Kevin Loring is an accomplished Canadian playwright, actor and director and was the winner of the Governor General’s Award for English Language Drama for his outstanding play, Where the Blood Mixes in 2009. The play explores the intergenerational effects of the residential school system. It toured nationally and was presented at the National Arts Centre in 2010, when Loring was serving as the NAC’s Playwright in Residence.
A Nlaka’pamux from the Lytton First Nation in British Columbia, Loring created the Songs of the Land project in 2012 in partnership with five separate organizations in his home community. The project explores 100-year-old audio recordings of songs and stories of the N’lakap’amux People. Loring has written two new plays based on his work with the community including Battle of the Birds, about domestic violence and power abuse, and The Boy Who Was Abandoned, about youth and elder neglect.
A versatile artist and leader Loring has served as the co-curator of the Talking Stick Festival, as Artist in Residence at the Vancouver Playhouse Theatre, as Artistic Director of the Savage Society in Vancouver, as a Documentary Producer of Canyon War: The Untold Story, and as the Project Leader/Creator, and Director of the Songs of the Land project in his home community of Lytton First Nation.

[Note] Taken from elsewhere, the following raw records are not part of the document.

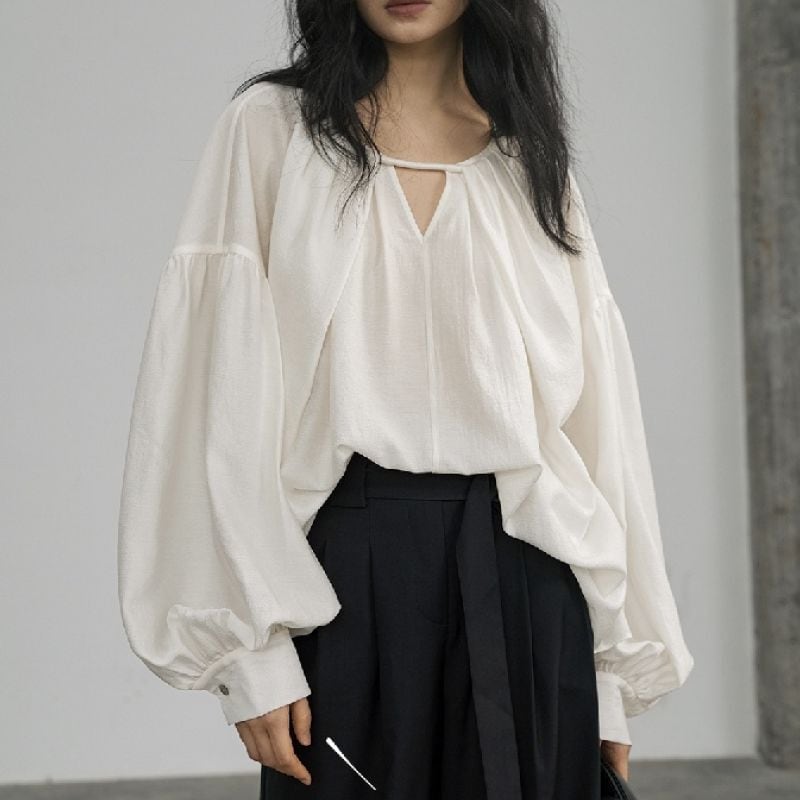 Volume sleeve neckline gathered blouse V1564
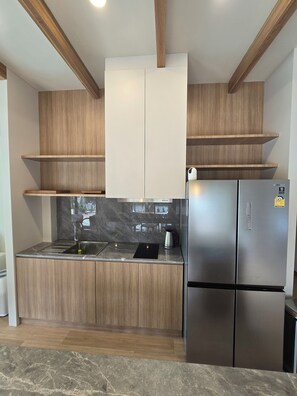 Geladeira, micro-ondas, cooktop, liquidificador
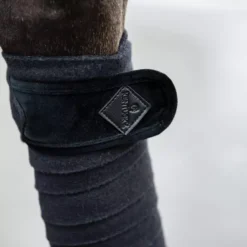Kentucky Horsewear Kentucky Velvet Polar Fleece Bandages - 4 Pack 39 Kentucky Horsewear Kentucky Velvet Polar Fleece Bandages - 4 Pack -Online Equestrian Supplies polar fleece bandages velvet black close 1 png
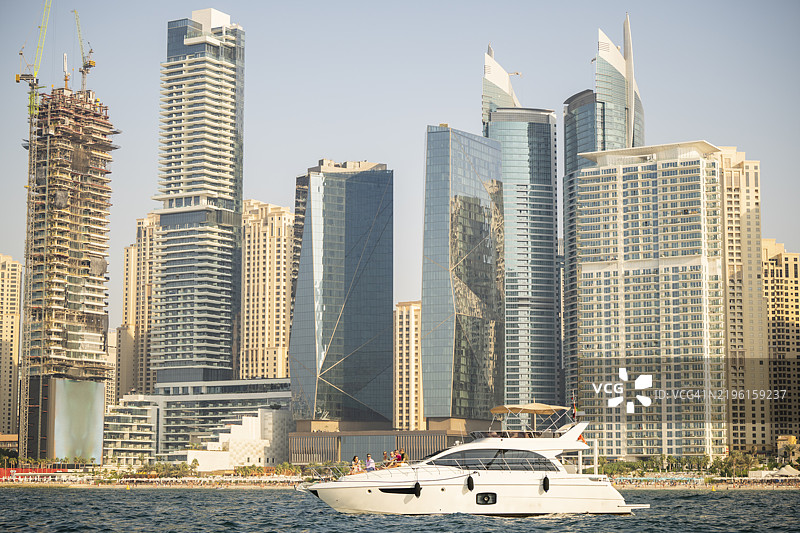 在阿拉伯联合酋长国度假时，乘坐私人游艇的人们图片素材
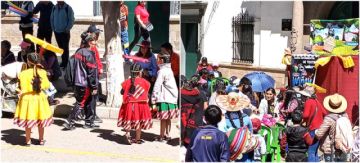 En la Plaza 10 de Noviembre, hubo presentaciones infantiles y teatrales.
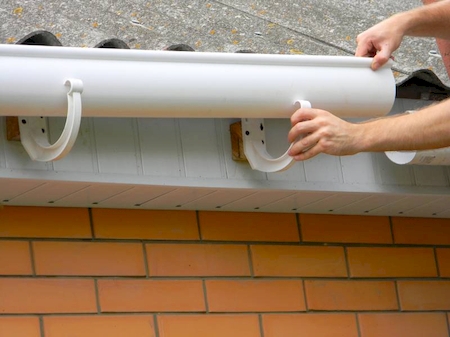 Notre zone d'activité pour ce service Travaux de couverture en tuiles, bac acier ou zinc : de 60 à 385 €/m² selon vos besoins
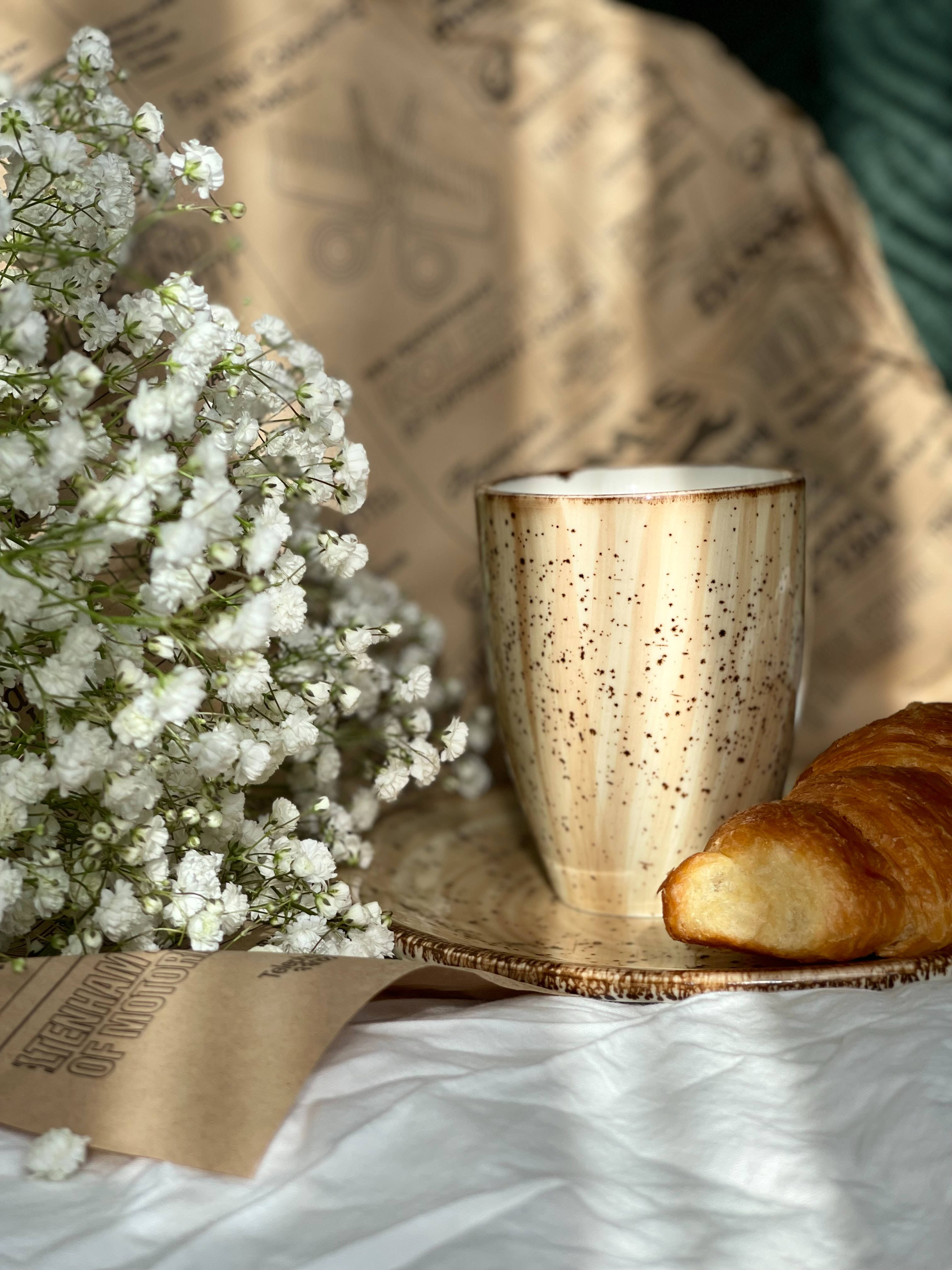 Pambo la Kahawa na Croissant la Preppy Picha ya Ukuta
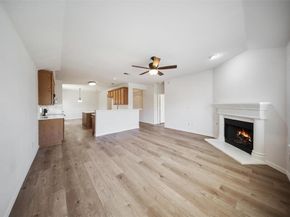 6000  Meadowglen Drive , Denton Texas 76226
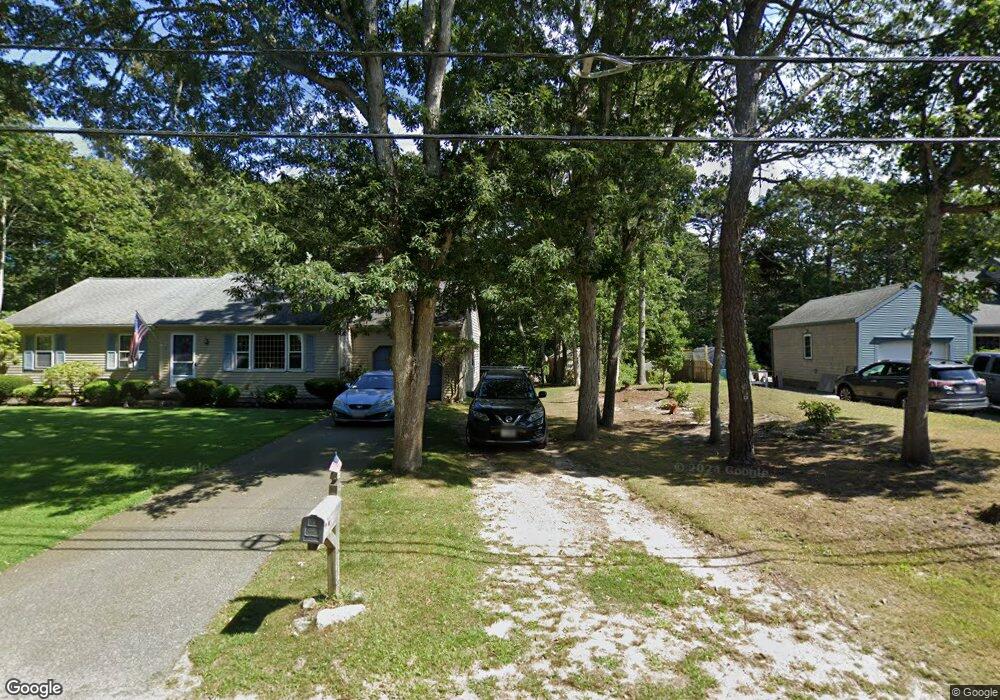 16 Eileen St, Yarmouth Port, MA 2675 - photo 1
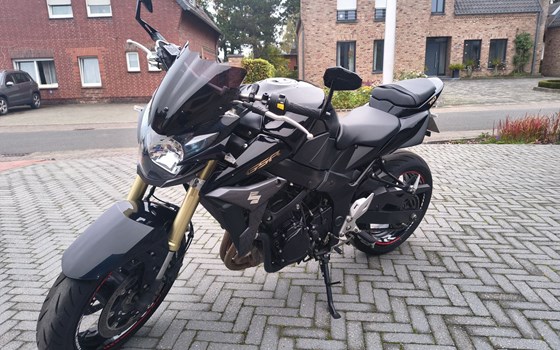 Gebrauchtmotorrad Suzuki GSR 750 - Bild 2
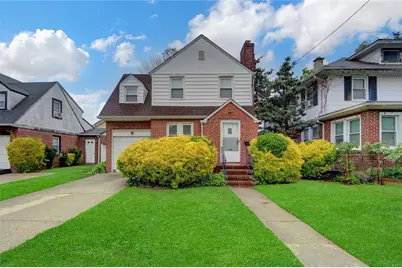 62 Herman Boulevard, Franklin Square, NY 11010 - Photo 1
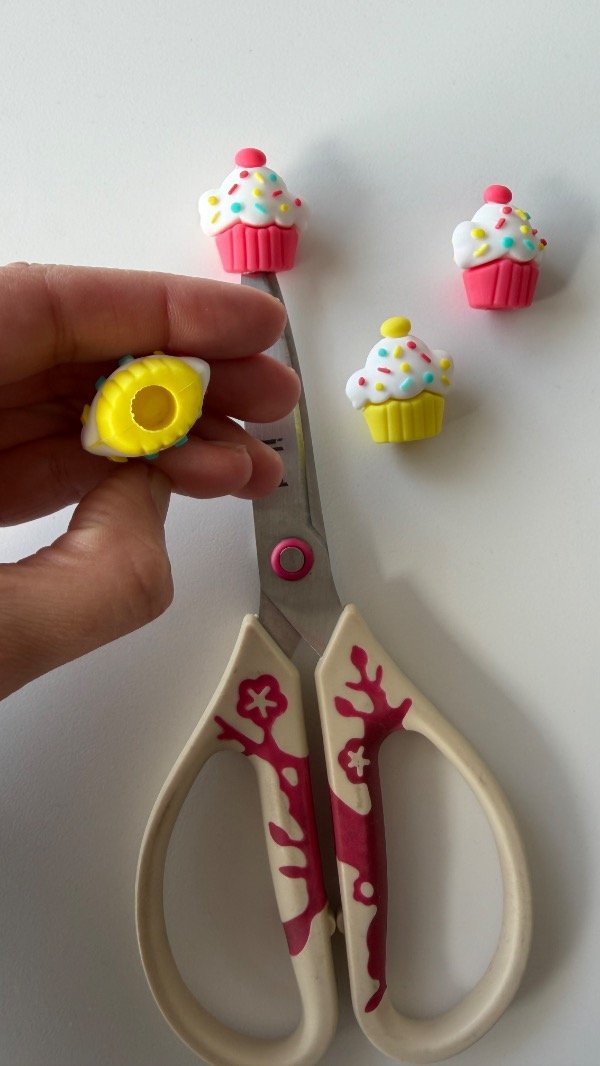 Producto - Tapa protectora de TIJERA y AGUJAS/ Cupcake - 1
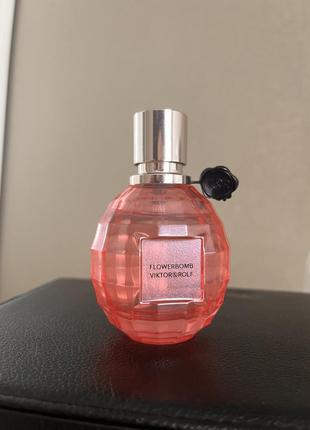 Viktor & rolf flowerbomb la vie en rose оригинал1 фото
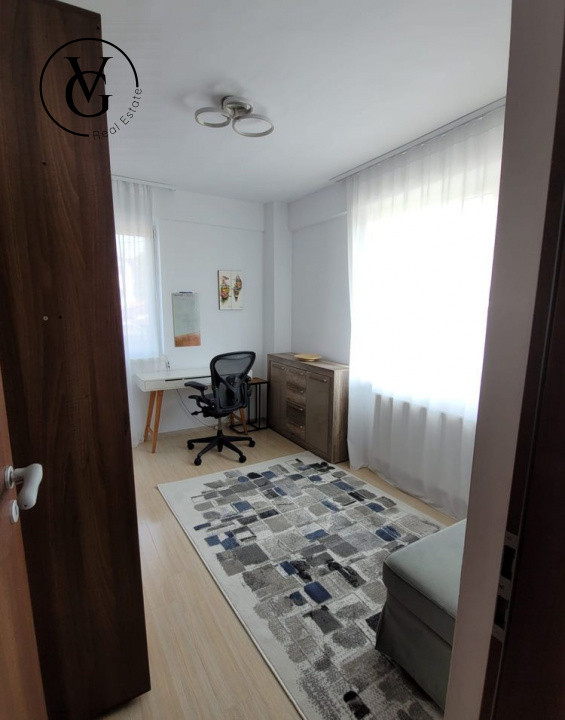 Apartament 3 camere + loc de parcare -Zona Laminorului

Since his nomination for a Prix Gémeau for hosting the young adult show C’est parti mon tipi, Charles Bender has become a regular presence on Aboriginal Peoples Television Network (APTN). He plays the lead on Sioui-Bacon and was part of the cast of the first season of Mohawk Girls, two popular series on the network. Charles launched his acting career in French in Quebec City, and subsequently studied theatre in English at Concordia University in Montreal. Since graduating, he has appeared in a variety of productions in both English and French, including Destinée, En thérapie and Being Human. On stage, he has worked with a variety of politically and socially active theatre companies such as Teesri Duniya, Ondinnok and Tableau d’Hote, and is currently the co-artistic director of his own theatre company, Productions Menuentakuan. He sits on the board of directors of many organizations that promote Indigenous culture, and hosted the four-part documentary series 8e feu (8th Fire), a Radio-Canada TV series tackling a variety of contemporary First-Nation issues.